If the Dolphins struggled to sign marquee players, how is a team with little identity, situated even further north and playing their home games in a different country than the one they train in going to fare?

For a Papua New Guinean team to work, and for it to prove a success for the competition as a whole, it simply must be successful and secure in an unproven, yet rugby league mad market.

If it's not Papua New Guinea, then the 18th team should be where reports suggest the 19th team will be.

That is Perth.

Whether they are linked with the North Sydney Bears, as some seem to be suggesting, is totally irrelevant.

Perth is an untapped rugby league market. The Western Reds were able to get decent crowds when they played over 20 years ago, and the support for the sport in the city has come on in leaps and bounds since then.

That's not to say it's bigger than the AFL in Perth - it's certainly not and almost certainly never will be.
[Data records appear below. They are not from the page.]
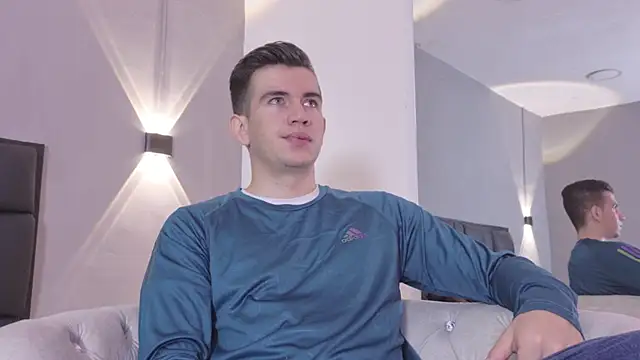 MikaelSlow online show from April 5, 4:48 pm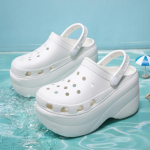 Naiste kiilukontsaga, paksu p&otilde;hjaga pl&auml;tud, platvormiga sussid &otilde;ues vaba aja veetmise platvormi k&otilde;rgust suurendavad sandaalid 41 valge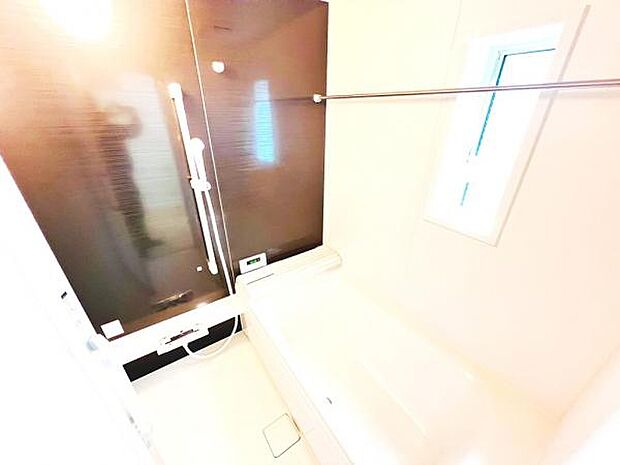 お風呂でほっとひといき。1日の疲れを癒しましょう。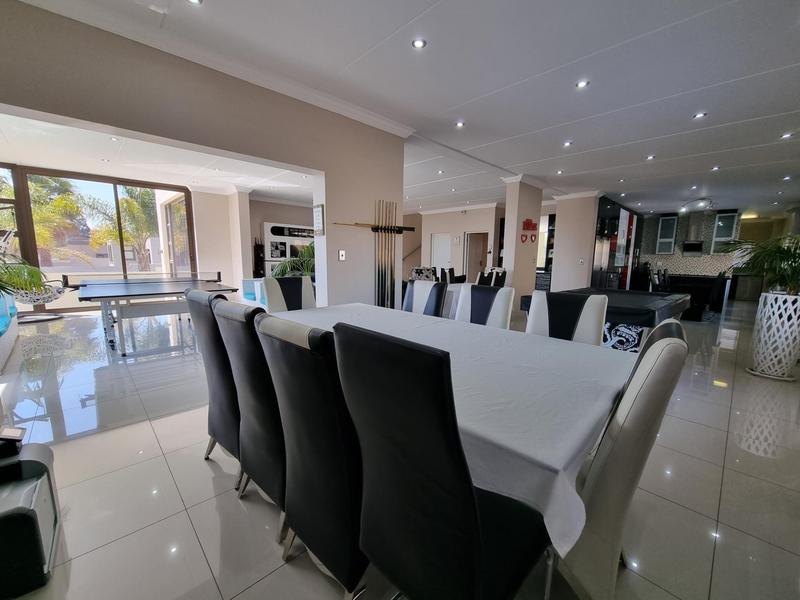 7 Bedroom Property for Sale in Kyalami Gauteng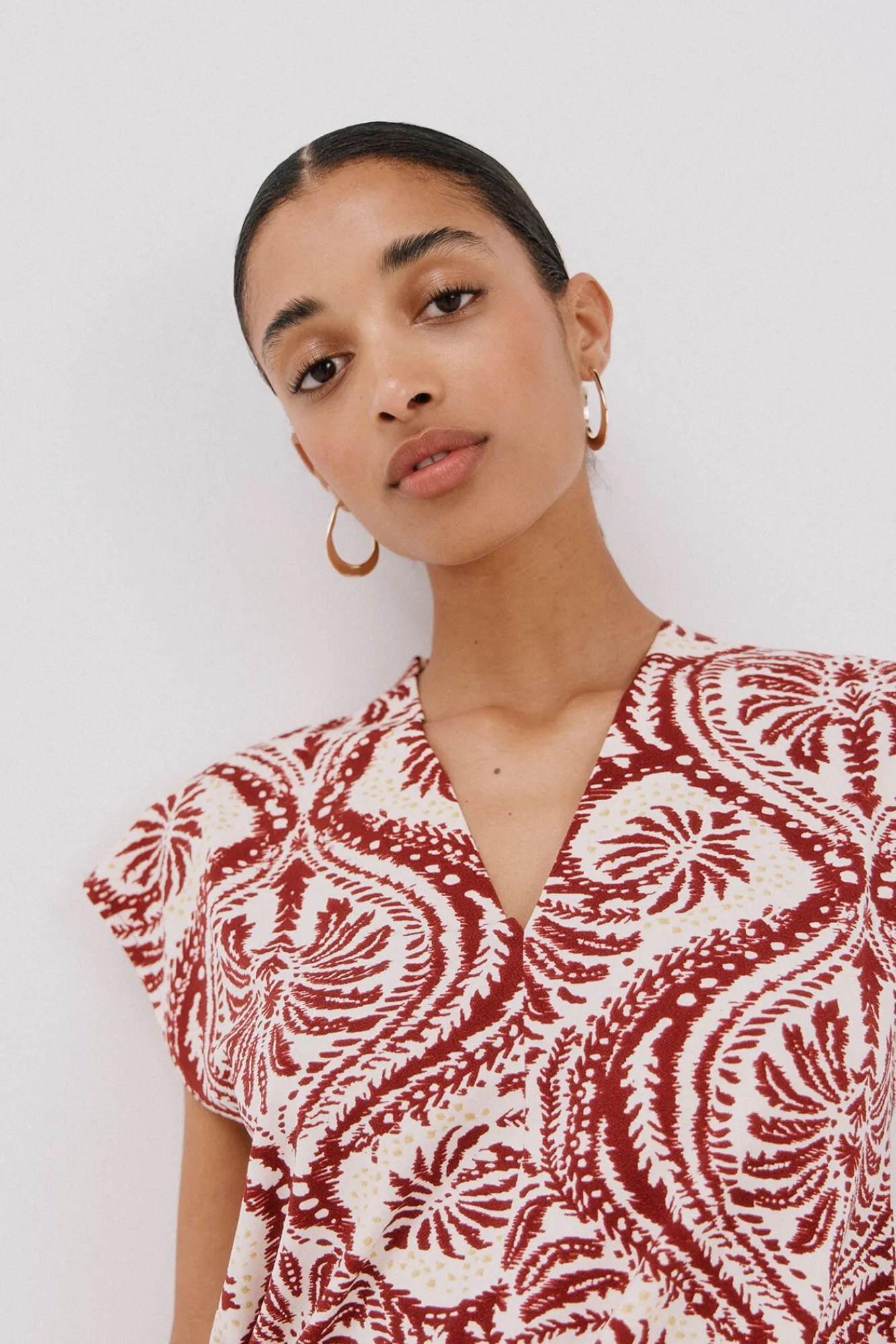 Mujer Cortefiel Camisetas>Camiseta estamapda escote pico fruncido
But the same can be said about Melbourne, and with the right stadium, the right strategy and the right level of success, they have become one of the NRL's biggest clubs both on and off the field.

So Perth is absolutely where the 18th team must be when the NRL lock in its next round of expansion.

Yes, you could make some of the same arguments around players wanting to relocate and building a successful roster in the west of the country, but for rugby league to become a truly national sport, it must have more influence away from the Eastern Seaboard.

After 18 though, the NRL really should hit pause on expansion.

We all know Australian Rugby League Commission Chairman Peter V'Landys is desperate to keep the game moving forward, adding more teams and more money to the TV deal.

While it's a fair point to be made, it also has the potential to blow up in the competition's face.

18 is imperative to get rid of the bye, but 19 simply isn't. The competition is simply not ready for that. We have already seen with 17 teams that the depth of talent simply isn't there to produce an even competition. The gap between the top teams and bottom teams is, at least visually, as great as it has ever been.

Adding an 18th team isn't going to help that, and adding a 19th will only hinder it further while also re-introducing the bye to the competition.

What the NRL instead must do is add Team 18 in Perth, which adds untold dollars to the TV deal through the ability to play games in different time slots, particularly a Sunday evening game or late game on Friday and Saturday which simply works for the east coast viewing audience.

From there, those extra dollars must be invested into grassroots and elite training. Once the talent is there, expansion can flow naturally into places like New Zealand, Papua New Guinea, or other major regional centres around Australia to continue increasing the value and national stamp of the game.

It's not rocket science to get expansion right, but it is imperative that it's done correctly.

If it isn't, there is the real threat of it backfiring in the most devastating of manners.